YOUR ASSIGNMENT:
Your answer should repeat the entries in full, exactly as given, with no pictures.

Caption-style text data
*** Block opens ***

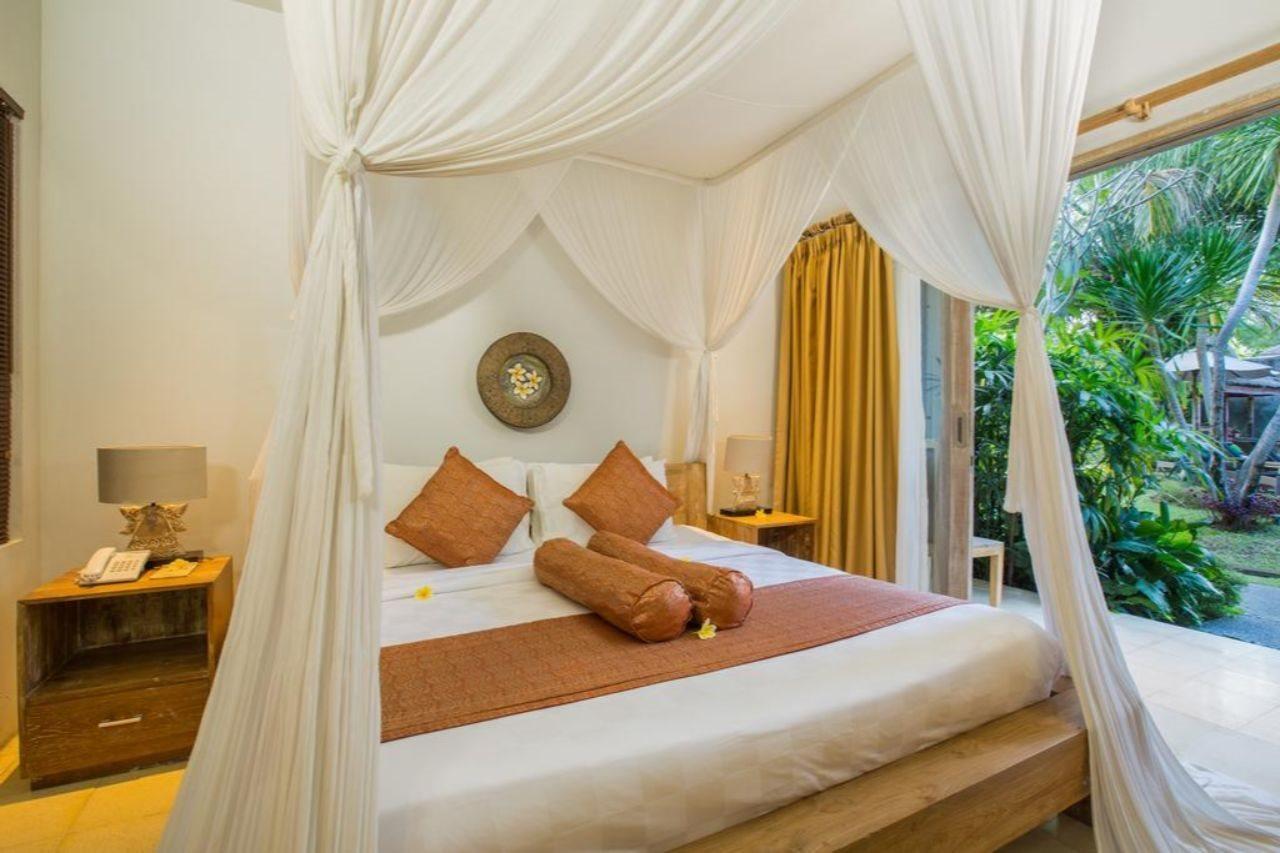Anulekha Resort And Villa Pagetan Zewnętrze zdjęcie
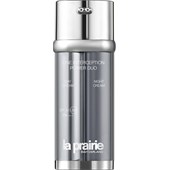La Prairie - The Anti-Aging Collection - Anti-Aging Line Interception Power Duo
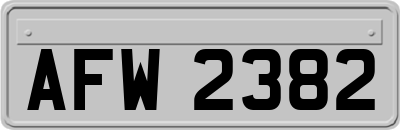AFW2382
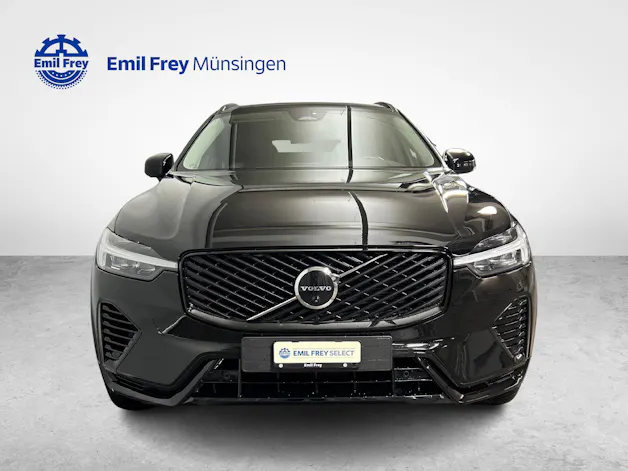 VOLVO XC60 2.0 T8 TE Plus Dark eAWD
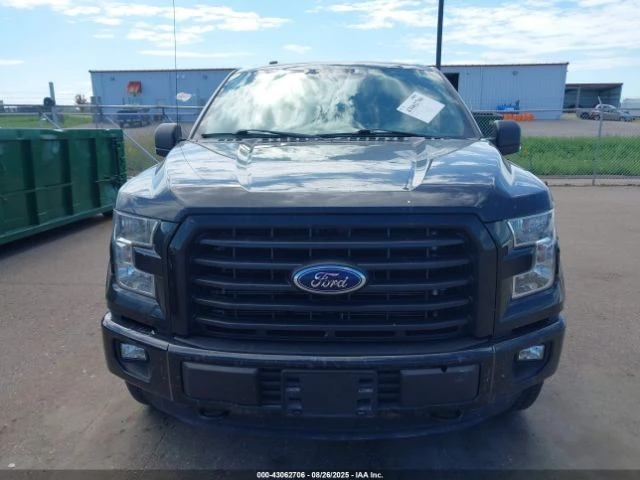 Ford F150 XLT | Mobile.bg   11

*** Block closes ***

RESULT OF THIS EXERCISE:
Anulekha Resort And Villa Pagetan Zewnętrze zdjęcie
La Prairie - The Anti-Aging Collection - Anti-Aging Line Interception Power Duo
AFW2382
 VOLVO XC60 2.0 T8 TE Plus Dark eAWD
 Ford F150 XLT | Mobile.bg   11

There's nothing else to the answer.